Aim of the exercise
Beginning at the line that contains "High-quality titanium rings, wedding" and finishing at the line that contains "Art Blocks - Art", output the data below exactly. Include both end lines and no pictures.

[[ Data open ]]

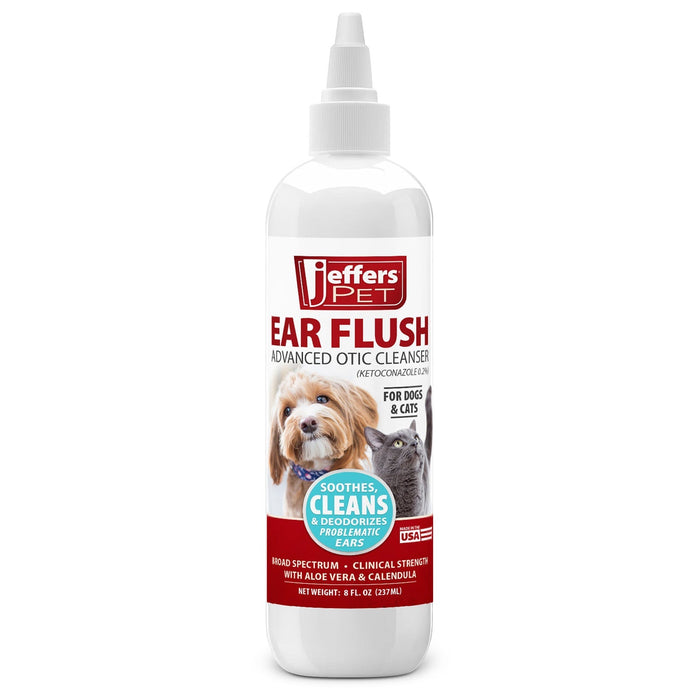 Jeffers Ear Flush and Anti - Itch Ear Drop Bundle for Dogs & Cats - JEF2RG-KIT - 3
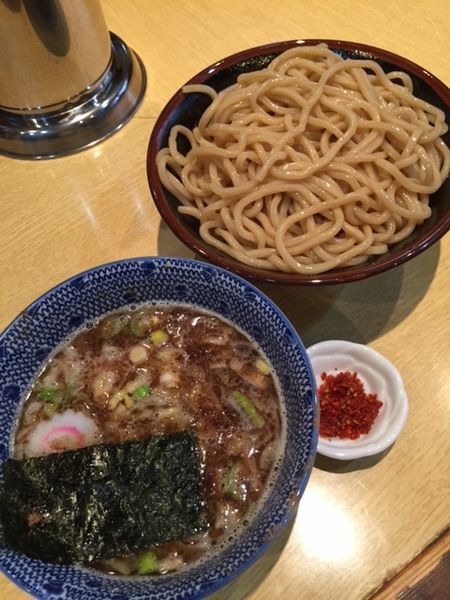 「辛つけめん　900円」@くり山の写真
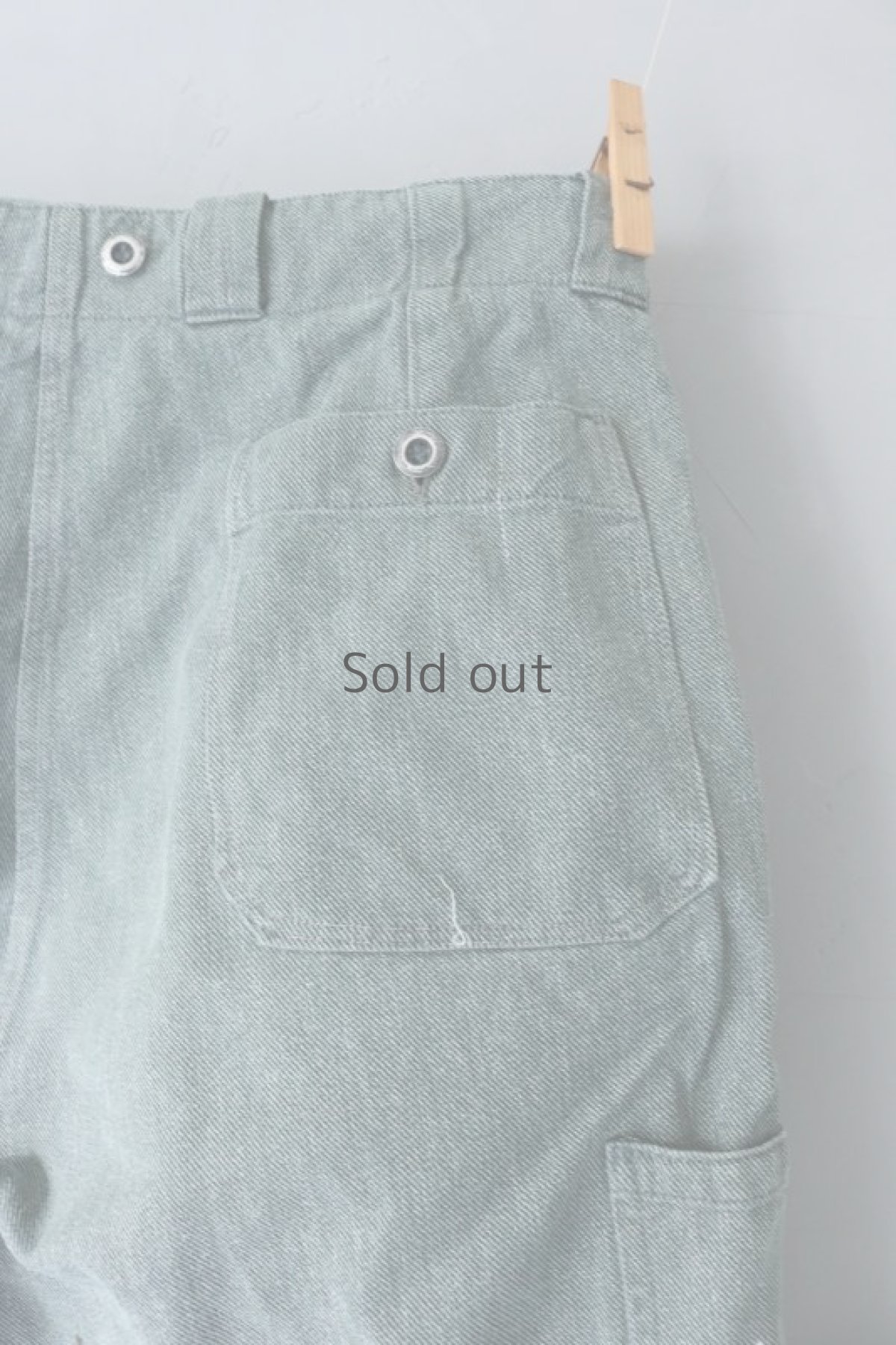 画像13: 【MITSUGU SASAKI】ビンテージ×リメイク　スイス軍のパッチワーク　ミリタリーパンツ (13)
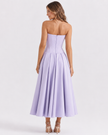 REENA CORSET MIDI DRESS Millie Blue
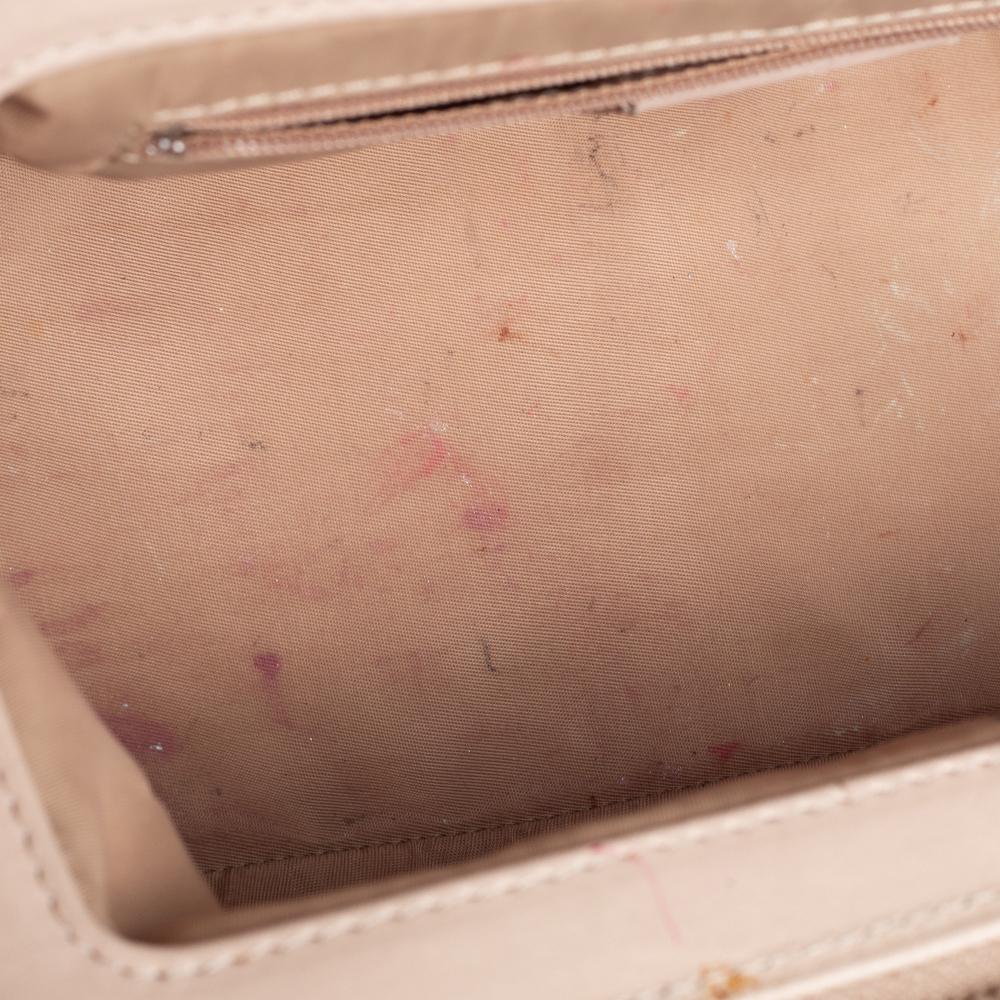 Dior Beige/Bianco in Tela Coates Diorissimo Romantique Trotter Satchel 7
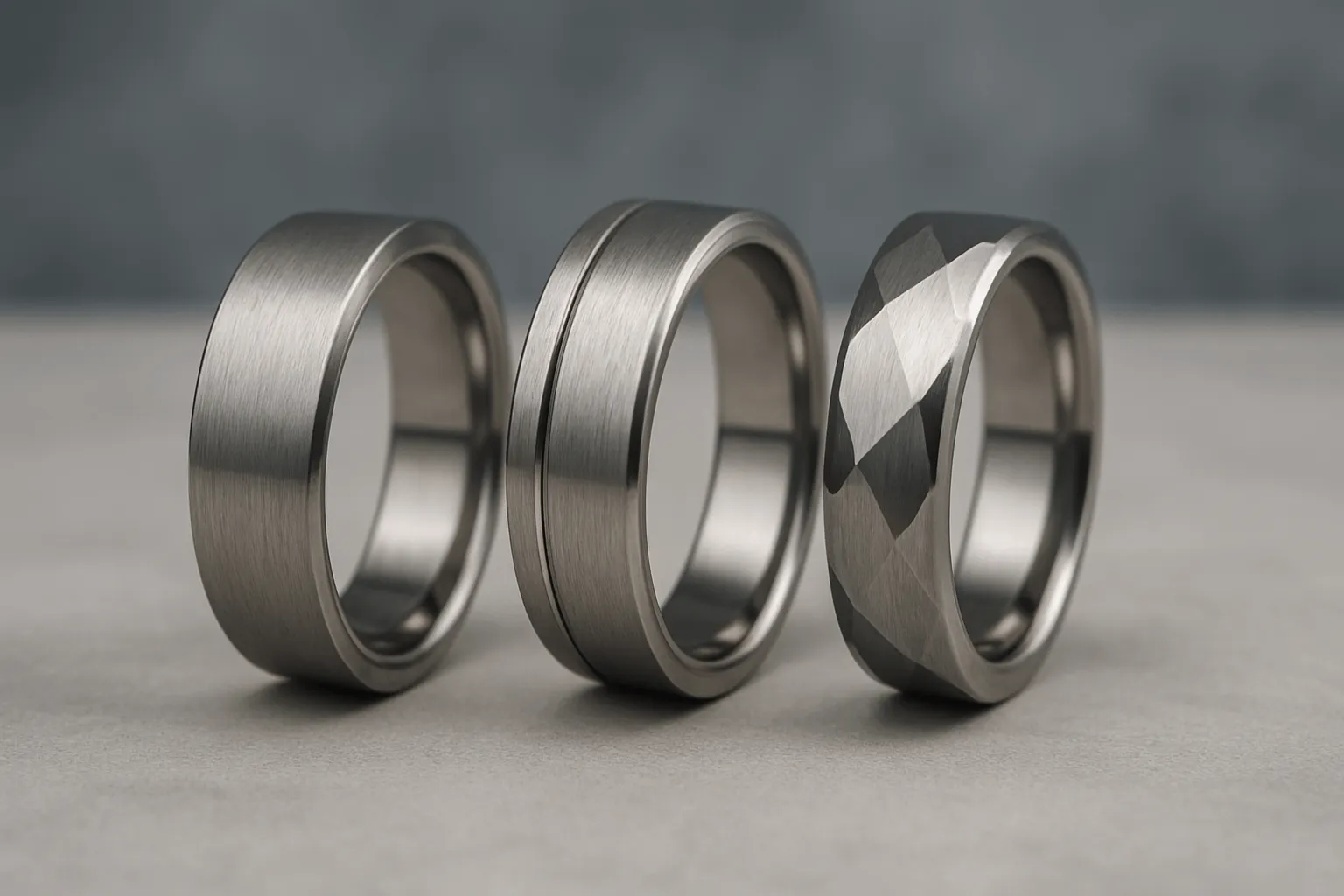 High-quality titanium rings, wedding bands, and fashion jewelry
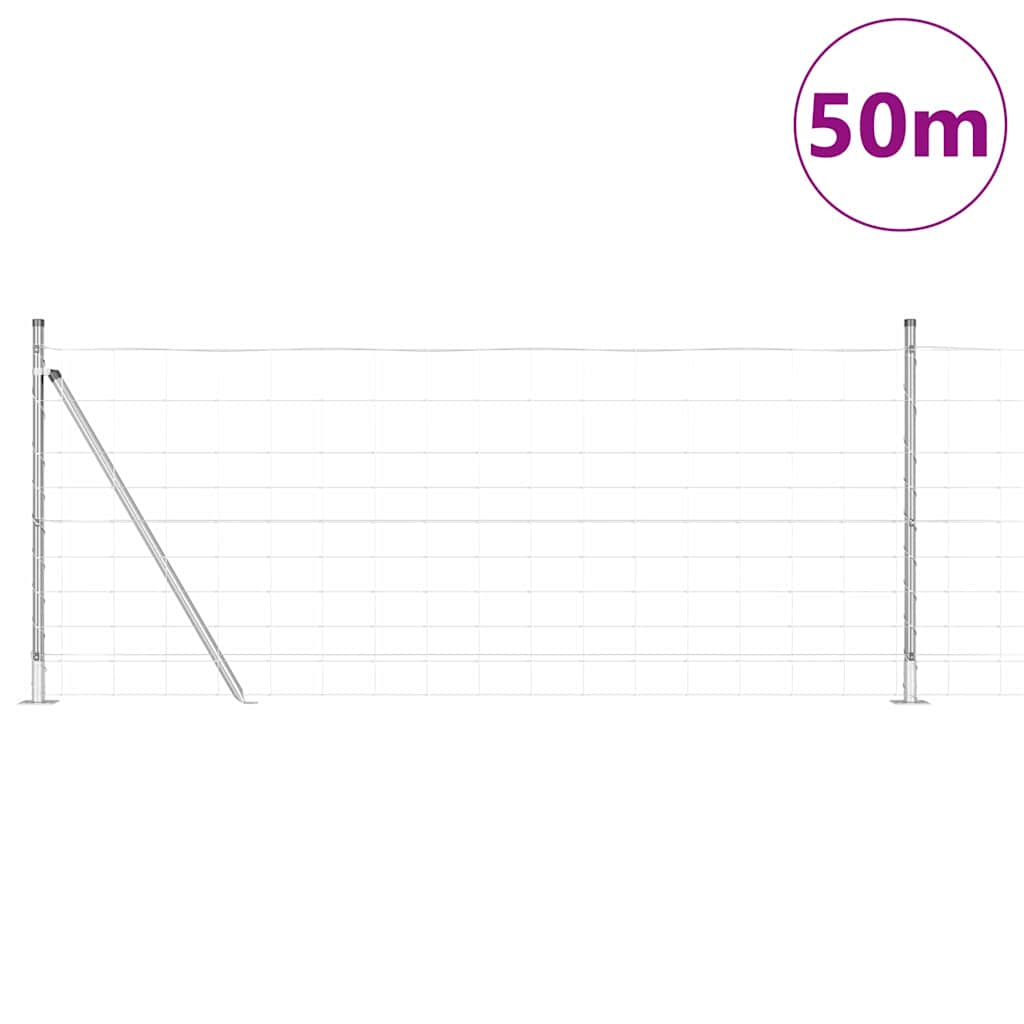 Varena žičana ograda s betonskom bazom 50 x 1 m (Š x V)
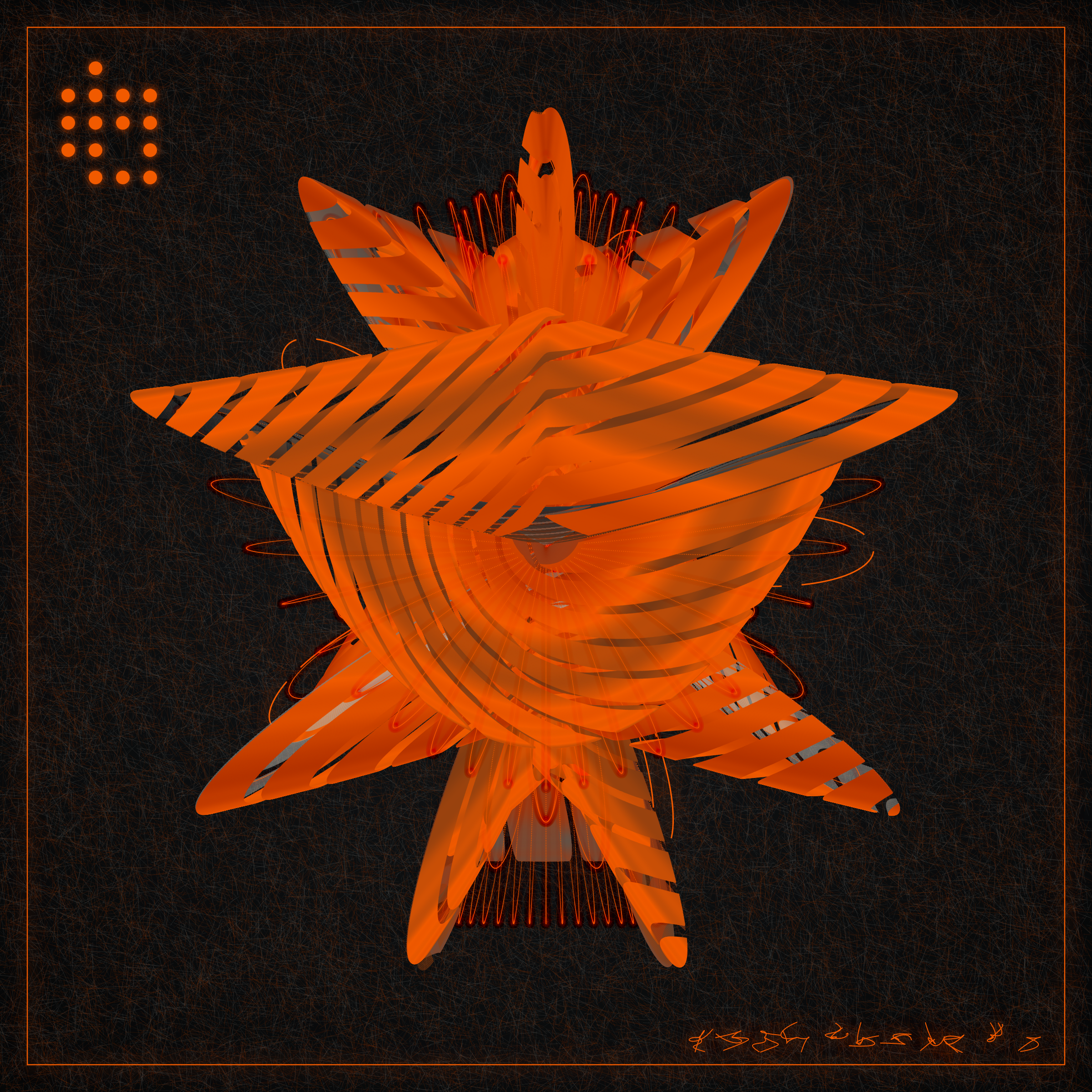 Art Blocks - Art Blocks v2 - Alien Insects #88 - NFT # 137000088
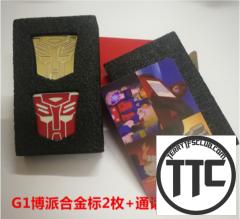 Lewin Autobot Metal Insignia & Communicator Stickers for Lewin Resources Lewin01 Optimus Prime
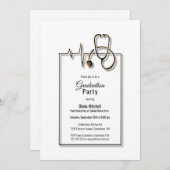 Doctor Stethoscoop afgestudeerd door arts Kaart (Voorkant / Achterkant)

[[ Data closed ]]

Response to the task
 High-quality titanium rings, wedding bands, and fashion jewelry
 Varena žičana ograda s betonskom bazom 50 x 1 m (Š x V)
 Art Blocks - Art Blocks v2 - Alien Insects #88 - NFT # 137000088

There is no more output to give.